II
Some clock was striking five when he awoke and looking vaguely about his room saw, by the light, that it must be late afternoon. He must have slept for a day and a night. As he lay back on his bed his first moments of consciousness were filled with a pleasant sense of rest and ease. He remembered nothing ... he only knew that in the air there was the breath of flowers and that through the open window there floated up to him a song, a murmur of the sea, a rattle of little carts.
He looked about his room. On a distant wall there was a photograph—“Dunotter Rocks, from the East.” Then he remembered.
He flung the bed-clothes off him and hurried to dress. He must go up to Scaw House at once, at once, at once. Not another moment must be wasted. His hands trembled as he put on his clothes and when he came downstairs he was dishevelled and untidy. He had eaten nothing for many hours but food now would have choked him. He hurried out of the hotel.
The town must have had many recollections to offer him had he observed it but he passed through it, looking neither to the right nor the left, brushing people aside, striding with great steps up the steep cobbled street that leads out of the town, on to the Sea Road.
Here on the Sea Road he paused. The wind, tearing, as it had always done, round the corner met him and for a moment he had to pull himself together and face it. He remembered, too, at that instant, Norah Monogue. Where had he seen her? What had brought her to his mind quite lately? What did she mean by interfering?—interfering? Then he remembered. It was her name in the letter rack. She was at The Man at Arms ill. Impatiently, he would have driven her from him, but all the way down the Sea Road she kept pace with him.
“I'm done with her.... I'm done with everybody. Damn it all, one keeps thinking....”
In the evening light the sea below the road was a pale blue and near the shore a calm green. It was all very peaceful. The water lapped the shore, the Bell Rock sighed its melancholy note across space; out a little way, when some jagged stones sprang like shoulders from the blue, gentle waves ringed them in foam like lace and broke with a whisper against their sides.

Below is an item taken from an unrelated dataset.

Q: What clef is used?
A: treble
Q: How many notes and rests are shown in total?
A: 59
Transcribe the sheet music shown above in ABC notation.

Except for the sea there was absolute silence. Peter alone seemed to walk the world. As he strode along his excitement increased and his knees trembled and his eyes were burning. He did not think of the earlier days when he had walked that same road. That was another existence that had nothing to do with him as he was now. The anticipation that possessed him was parallel with the eager demand of the opium-smoker. “Soon I shall be drugged. I'm going to forget, to forget, to forget. Just to let myself go—to sink, to drown.”

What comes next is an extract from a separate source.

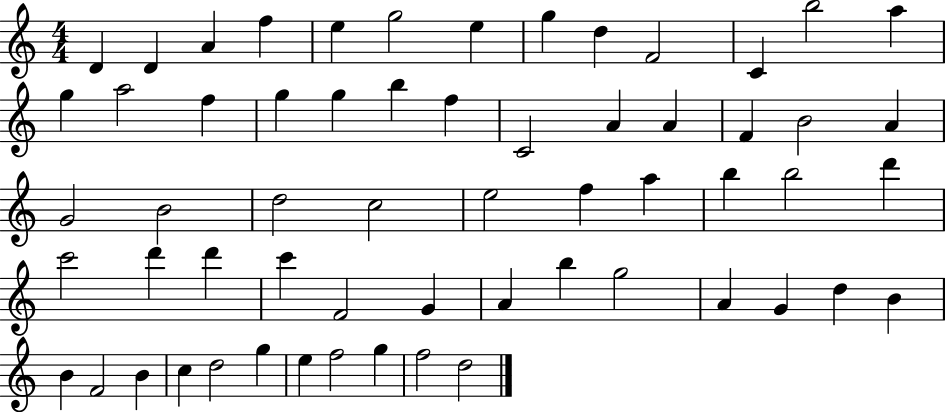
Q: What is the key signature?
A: C major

He had still with him the consciousness of keeping at bay an army of thoughts that would leap upon him if he gave them an opportunity. But soon that would be all over—no more battle, no more struggle. He turned the corner and saw Scaw House standing amongst its dark trees, with its black palings in front of its garden and the deserted barren patch of field in front of that again. The sun was getting low and the sky above the house was flaming but the trees were sombre and the house was cold.